◆ Exercise instructions ◆
Beginning at the top of the data below, restate every line word for word until the line containing "25 Walnut Lane, Nukuhau" has been included, and omit the pictures.

━━ Data provided

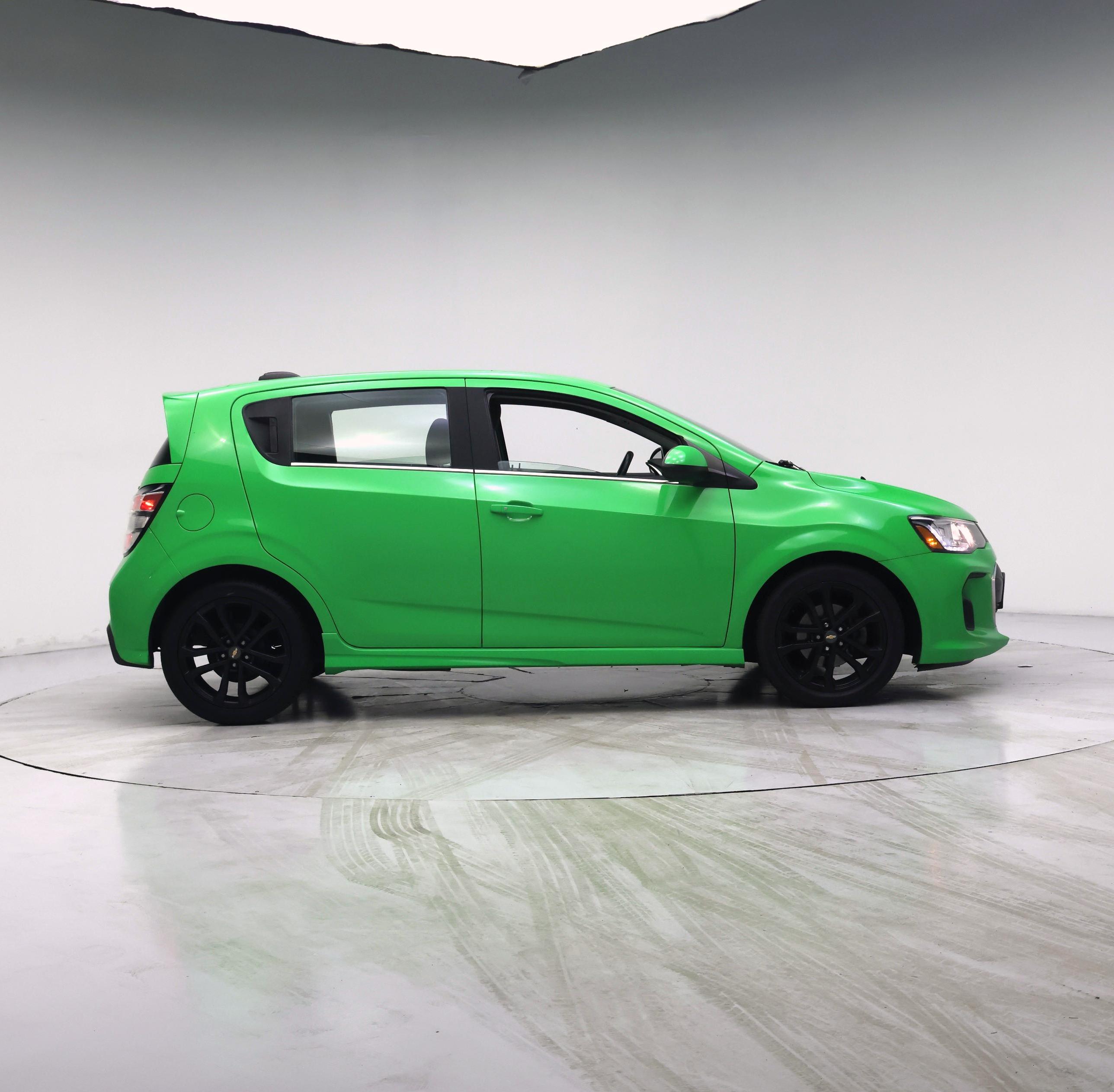 Thumbnail: 2017 Chevrolet Sonic - 7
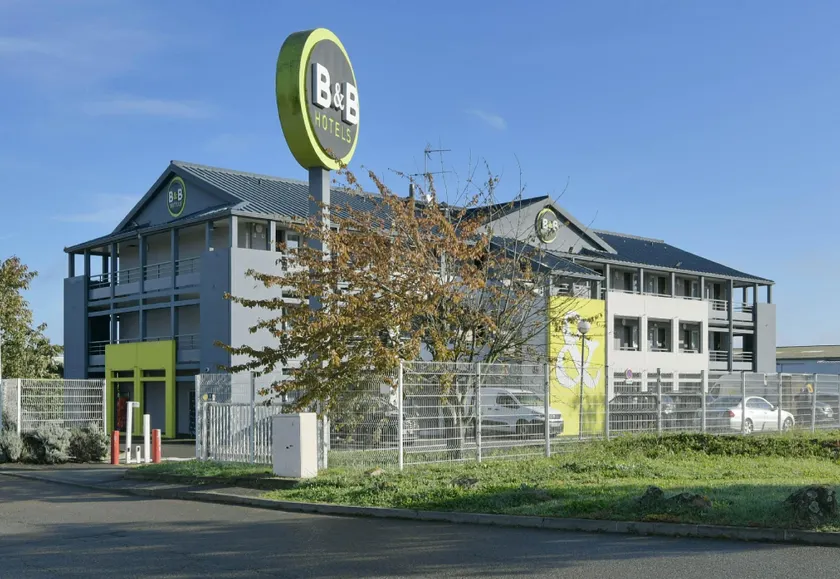 B&B HOTEL Le Mans Sud - Image 1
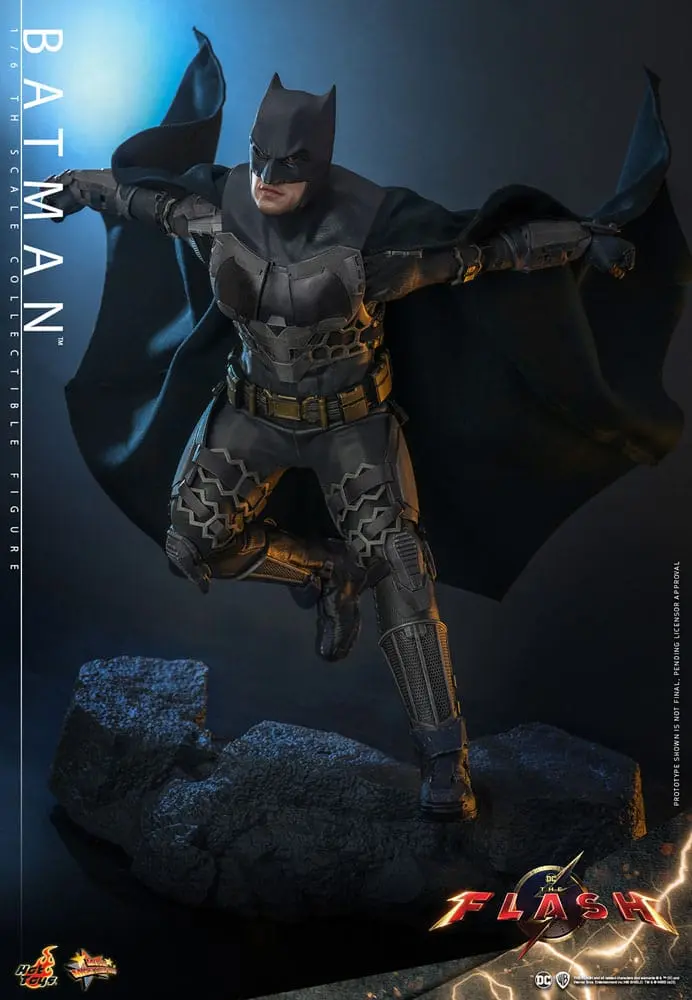 Figurină de acțiune de colecție The Flash Movie Masterpiece 1/6 Batman 30 cm poza produsului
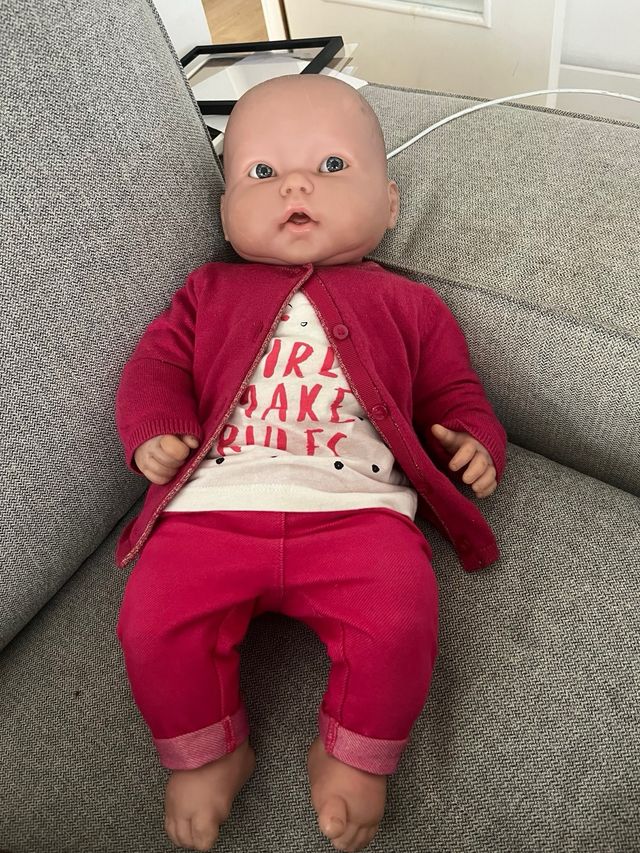 Muñeco bebe realista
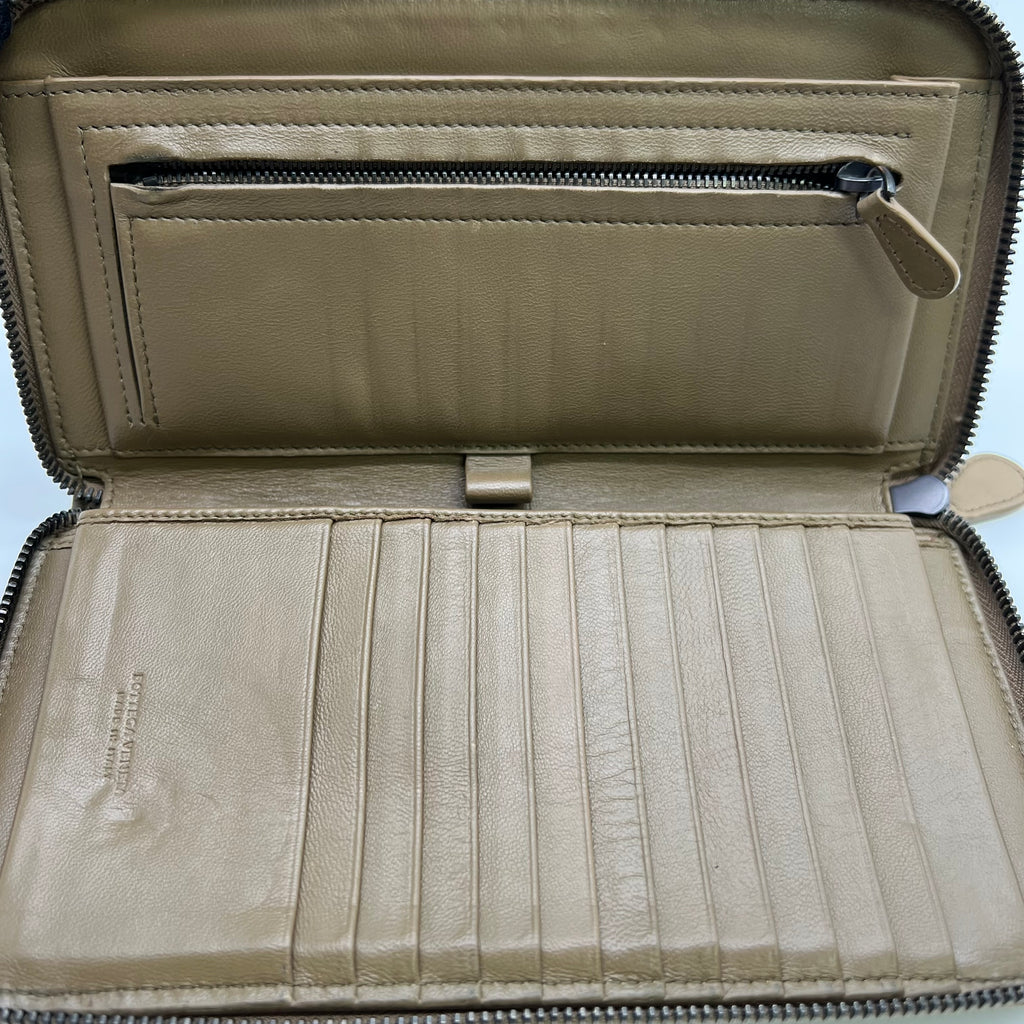 Bottega Veneta Beige Intrecciato Leather Zip Around Wallet W22674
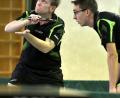 Bild: zg
Volker Hofmann (links beim Aufschlag) vom TuS Schnaittenbach III gewann zusammen mit dem jungen Felix Hiemer (rechts) das Doppel gegen Helmut Zintl/Horst Hartl vom TTC Luitpoldhütte Amberg knapp mit 3:2.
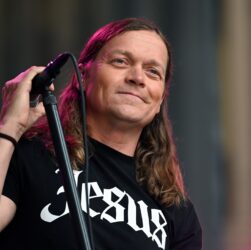 Новини культури - Фронтмен 3 Doors Down Бред Арнольд розповів про боротьбу з раком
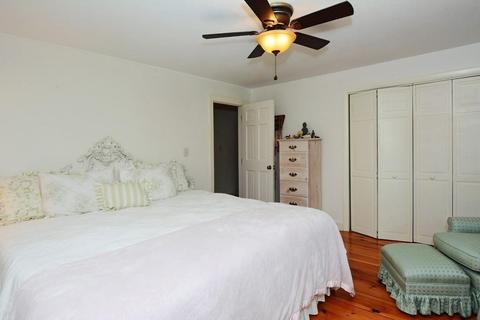 27 Pond St, Marblehead, MA 01945 photo 32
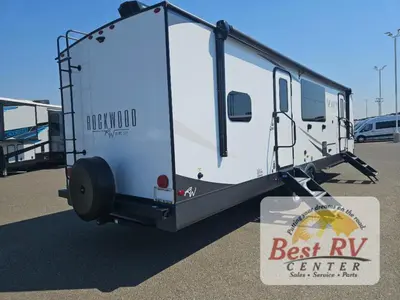 2025 Forest River RV Rockwood Ultra Lite photo 3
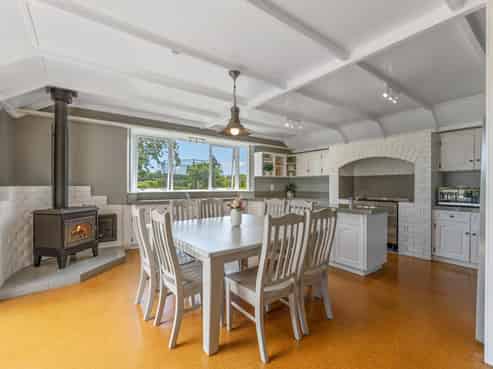 25 Walnut Lane, Nukuhau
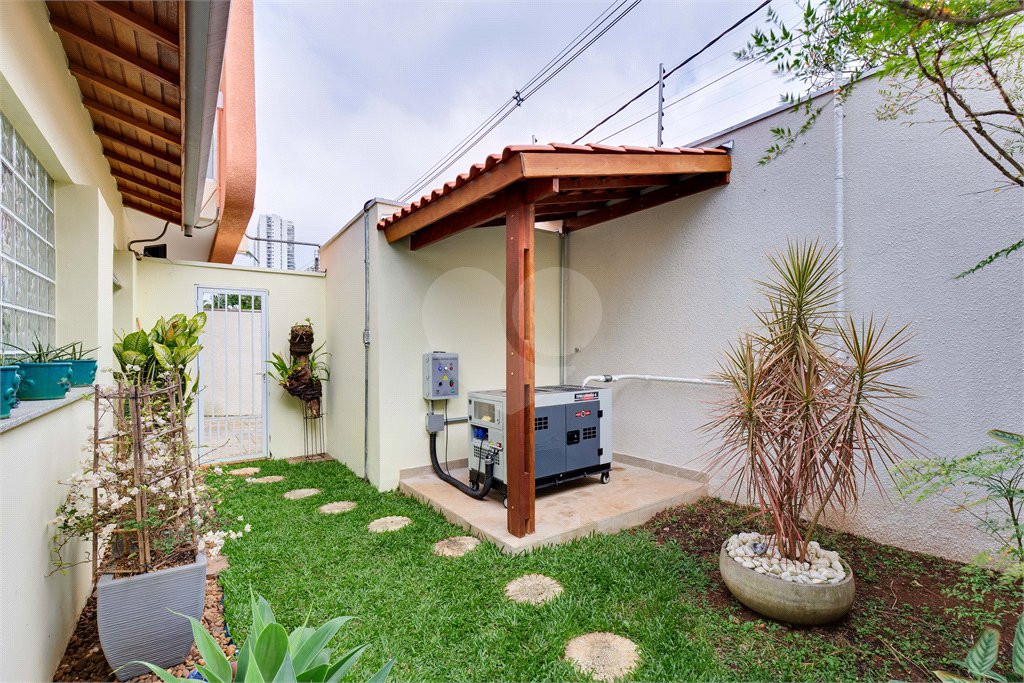 Sobrado à venda com 4 quartos, sendo 2 suítes, em Jardim Marajoara, São Paulo, SP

━━━━

◆ Answer to the exercise ◆
 Thumbnail: 2017 Chevrolet Sonic - 7
 B&B HOTEL Le Mans Sud - Image 1
 Figurină de acțiune de colecție The Flash Movie Masterpiece 1/6 Batman 30 cm poza produsului
 Muñeco bebe realista
 Bottega Veneta Beige Intrecciato Leather Zip Around Wallet W22674
 Bild: zg
Volker Hofmann (links beim Aufschlag) vom TuS Schnaittenbach III gewann zusammen mit dem jungen Felix Hiemer (rechts) das Doppel gegen Helmut Zintl/Horst Hartl vom TTC Luitpoldhütte Amberg knapp mit 3:2.
 Новини культури - Фронтмен 3 Doors Down Бред Арнольд розповів про боротьбу з раком
 27 Pond St, Marblehead, MA 01945 photo 32
 2025 Forest River RV Rockwood Ultra Lite photo 3
 25 Walnut Lane, Nukuhau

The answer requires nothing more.